What car? - I think something Japanese, a Daihatsu Sirion or something similar. 4 doors. Petrol. Manual...
Definitely going through Iran. Everyone i have ever spoken to when i was travelling rates Iran highly.
the full trip home musta been CRAZY
Hope your move is going well. Not an easy task to pack everything up and shuffle it from A to B. Good time to purge a bit tho! Best Luck, look forward to reading more of your report when you get the time.

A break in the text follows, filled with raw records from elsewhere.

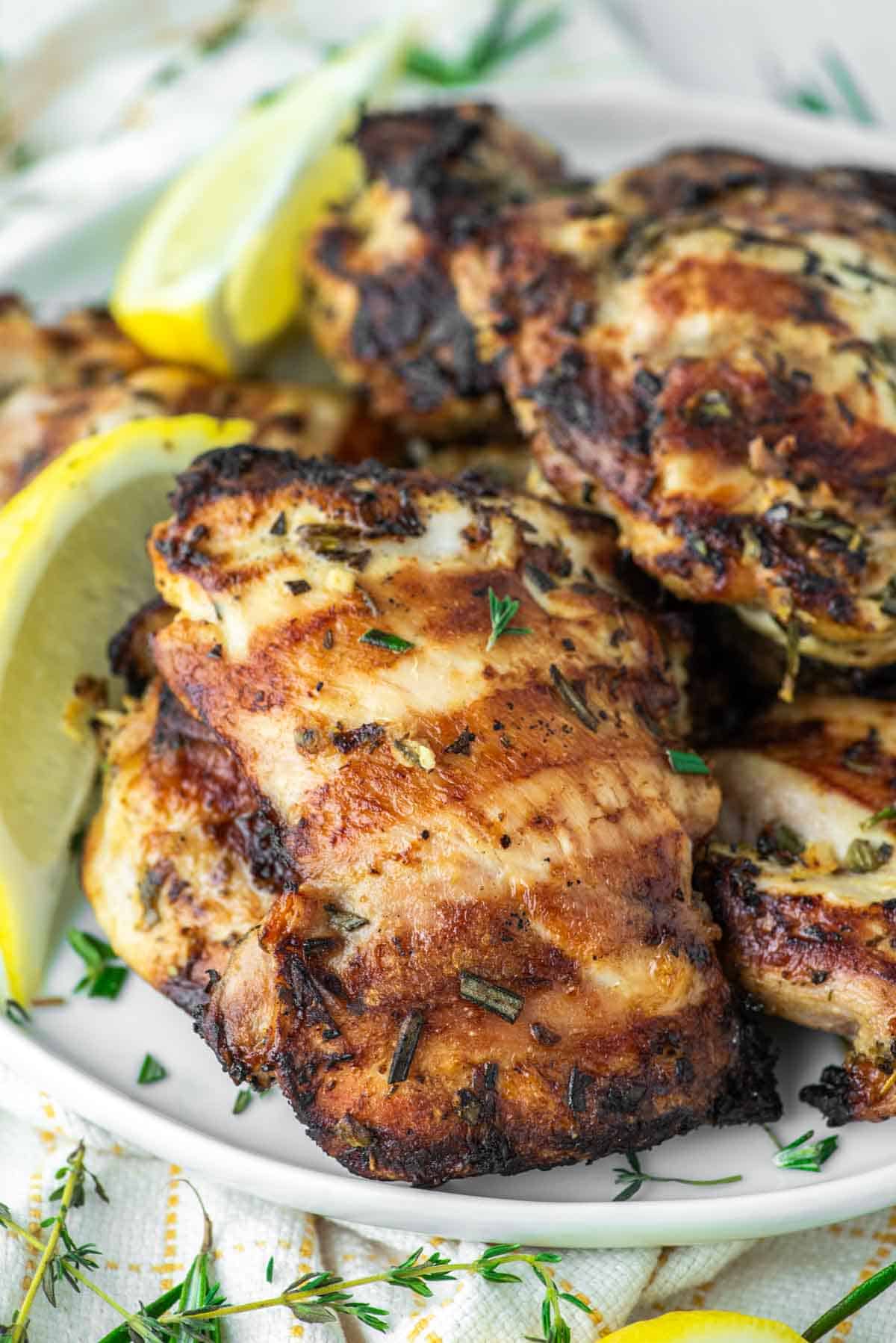close-up of grilled lemon herb chicken on plate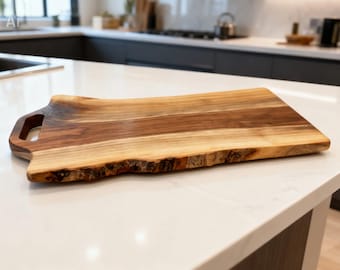 May include: A rectangular wooden serving board featuring a natural live edge on one side and a smooth finish on the other. The board displays varied brown wood grain patterns and includes a cutout handle on the left side for easy gripping.
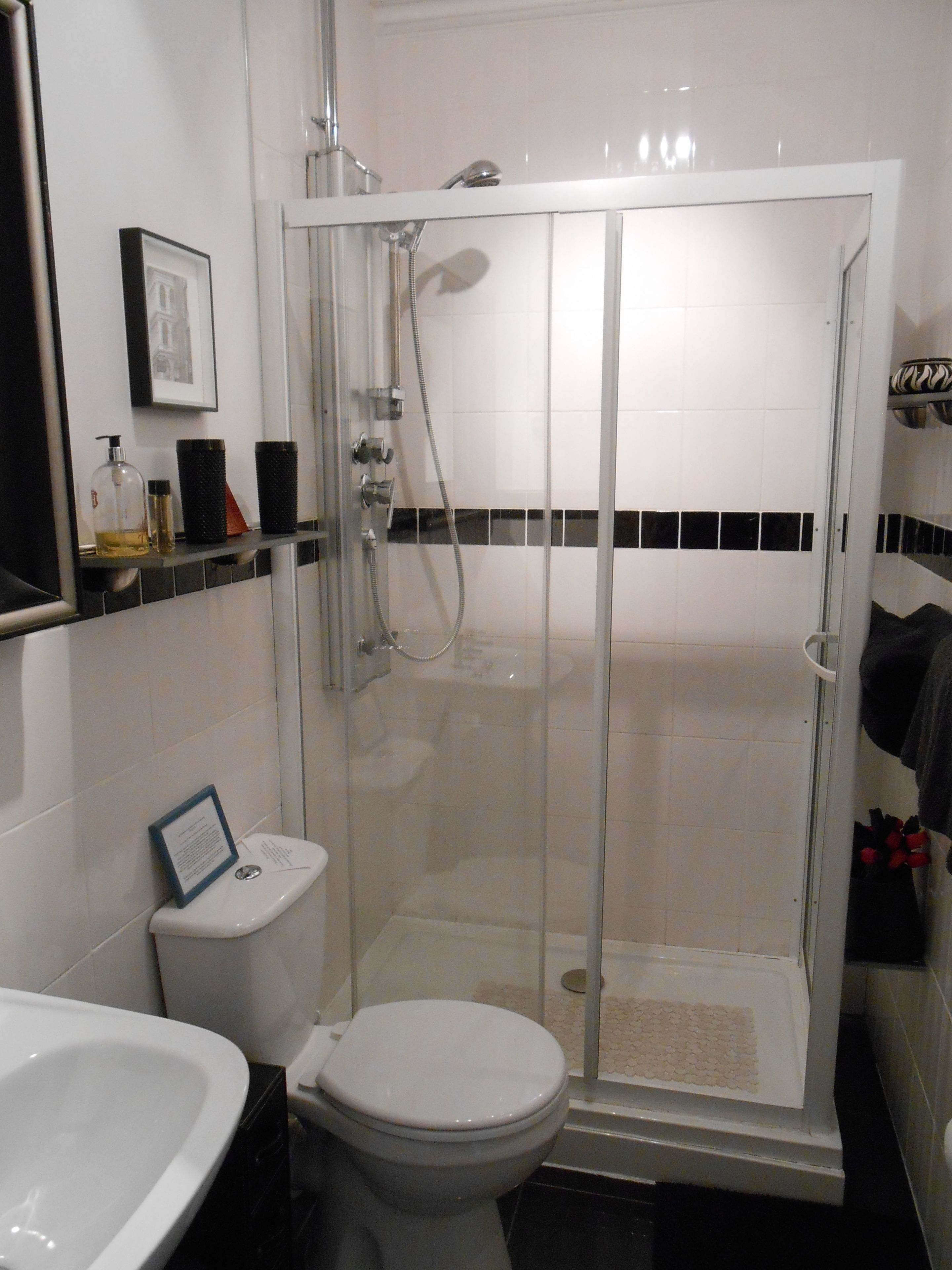 A bathroom with a glass-enclosed shower, a toilet, and a sink.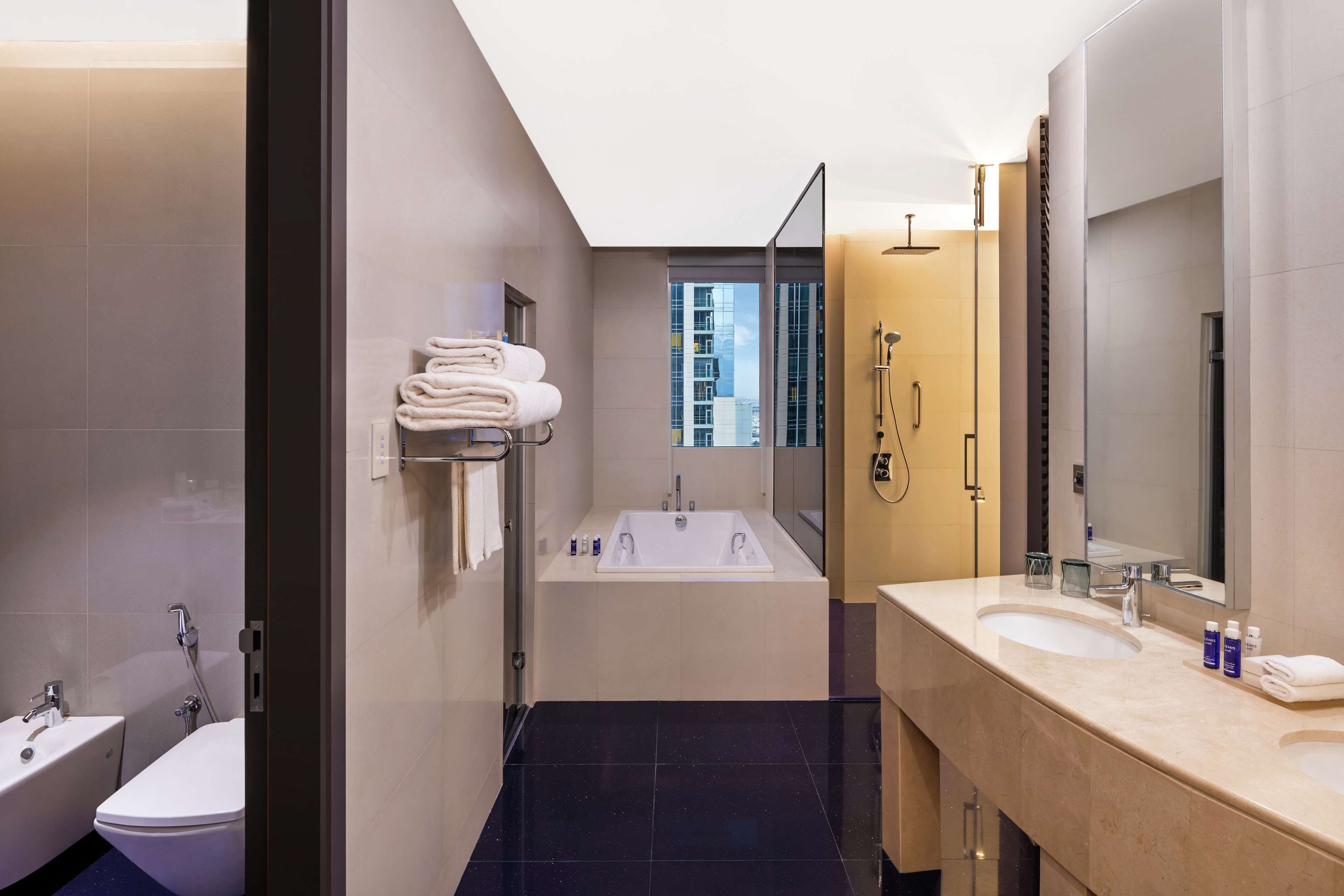 Un baño moderno con una bañera, un espejo grande y un lavabo.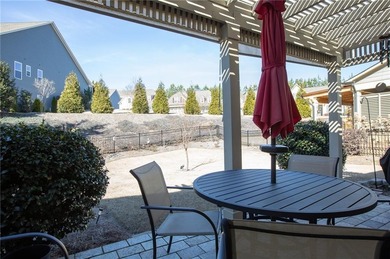 Welcome to easy, one-level living in this charming two-bedroom on Lanier Island Legacy Golf Couorse in Georgia - for sale on GolfHomes.com, golf home, golf lot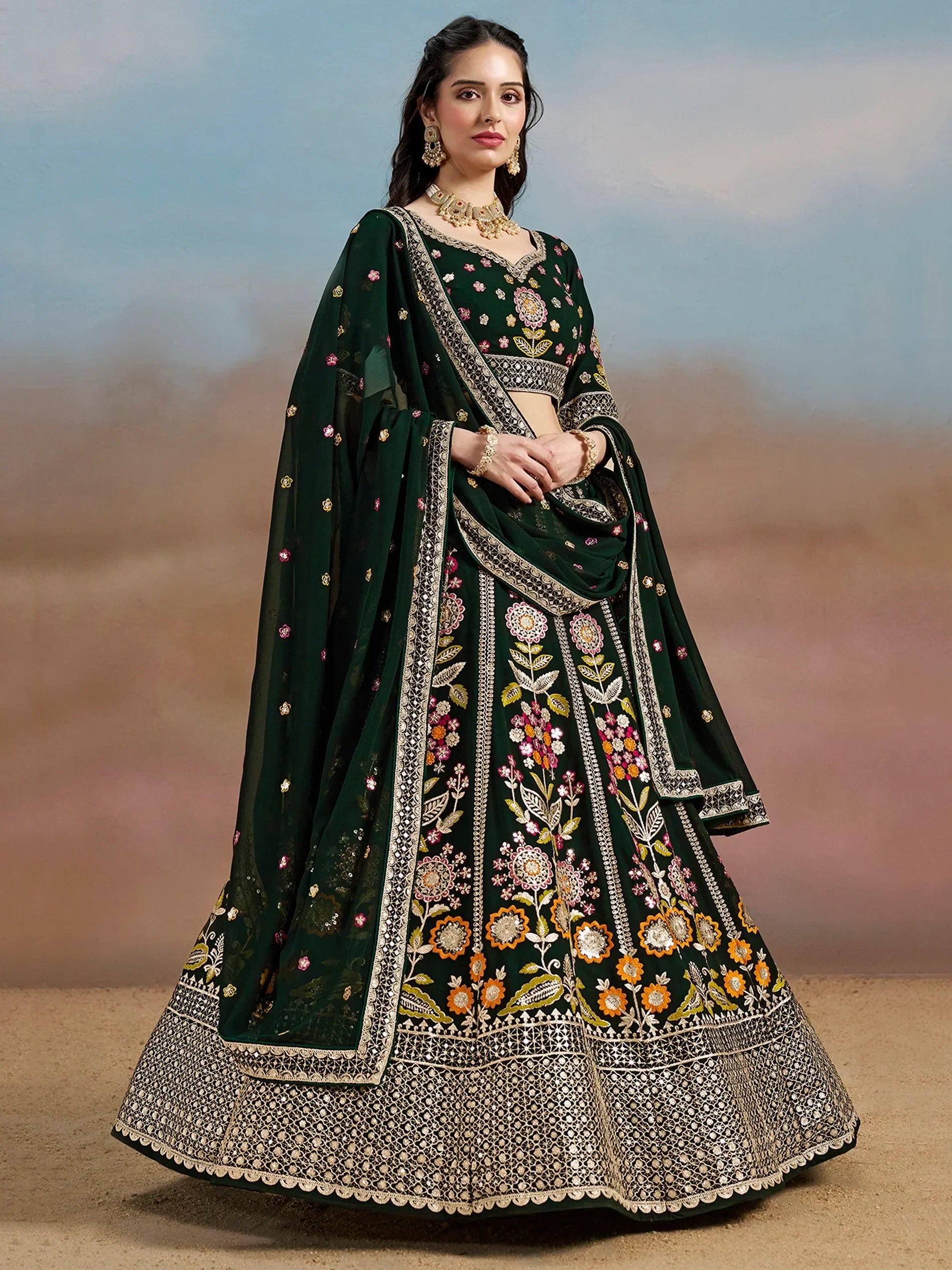 Emerald green embroidered lehenga choli with floral motifs and gold detailing, perfect for Indian ethnic wear.
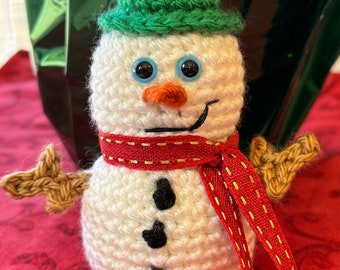 Könnte beinhalten: Ein gehäkelter Schneemann mit einem grünen Hut, einem rot-goldenen Schal und schwarzen Knöpfen. Der Schneemann hat eine Karottennase und blaue Augen.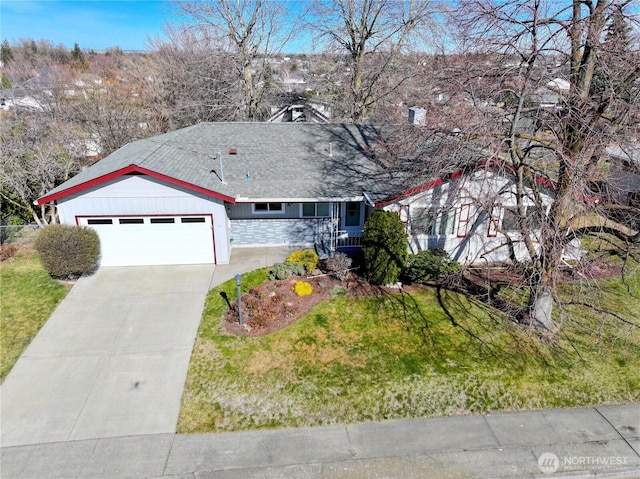 ranch-style home featuring driveway, stone siding, a shingled roof, an attached garage, and a front yard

Edit: 200 pages, eh? We are something like 26 pages in here so.... the full trip home musta been CRAZY
It was a matter of time for rain to come back. I was given a break for two consecutive days with a mix of sunny and cloudy weather but today it would rain non-stop though not as bad as in the Baikal lake, more like an intermittent drizzle with better temperatures. I had bought a winter hat in Novosibirsk to wear inside the helmet that also did a good job covering the neck area keeping humidity out. Globes on the other hand were asking for replacement and the forma boots had lost its impermeability feature so I had to revert this by putting some tape around them.
The road was once again a long straight line though with the same taiga landscape. I covered 1000 Km/ 600 miles stopping a total of three times for fuel and food. Petrol is so cheap I kept trying the 98 octane on the bike at just 60 cents per litre. These petrol stations, either Lukoil or Gazprom had very decent fast food like hot dogs or good pastries. I stopped for lunch however, in a lorry rest area that had a buffet menu type with all typical Russian cuisine dishes. It was packed and I had to share the table with a random driver but that seemed to be the case with almost everybody in that place. I just felt bad not to be able to speak the language. With this weather it was time to try once again the local Borsch and gain back some heat. I spent my break time looking for workshops in Moscow to maybe change the chain and the tyres as the Karoo were already unevenly worn. My plan was to stop in Moscow anyhow a couple days and see the city, the last stop in this trip.
Back on the road, I had a couple of close calls. Everytime I tried to overtake a truck I had to calculate everything very meticulously not to end up in a disaster. With just 15 hp I had got the feeling on how to overtake slower vehicles but with long semis it would take a good hald a minute to do this and if another truck came in the opposite direction I would have to abort the operation almost when I ended up overtaking. This was a patience test. Some drivers sometimes would cooperate either by indicating the right timing or by slowing down. Others would just mind their own business. With bad weather and sometimes unpredictable asphalt on the road, concentration was a commodity I could not afford to lose. This would be even worse after the sun was down as my scratched visor would not allow me to see so I had to ride with an open helmet.
I wanted to keep riding to Omsk, close to the Kazakhstan border but that would have implied arriving very late and although I was quite comfortable in mother Russia, it had been a long day, temperatures were dropping down and the best part, I had found a motoclub in iOverlander. I really wanted to try this today, so I stopped in Tatarsk. Now the story gets interesting because when I get to the place the motoclub is no longer there but there I found two locals repairing a Soviet old timer who invited me to join them in their improvised workshop. I helped them replace a suspension component which had to be taken out with an old torch from the soviet era still in working order. I wanted to ask them if there was a place in their private property where to pitch the tent for the night but they denied me this and instead one of them came with me 20 meters to a nearby hotel, paid the night and gave me a shot glass as a souvenir. People following me home could not believe stuff like this would be happening to me so frequently. The more I was heading west, the more melancholic I was getting.
The generosity shown by some is so heart warming. Like others I'm still loving your adventure.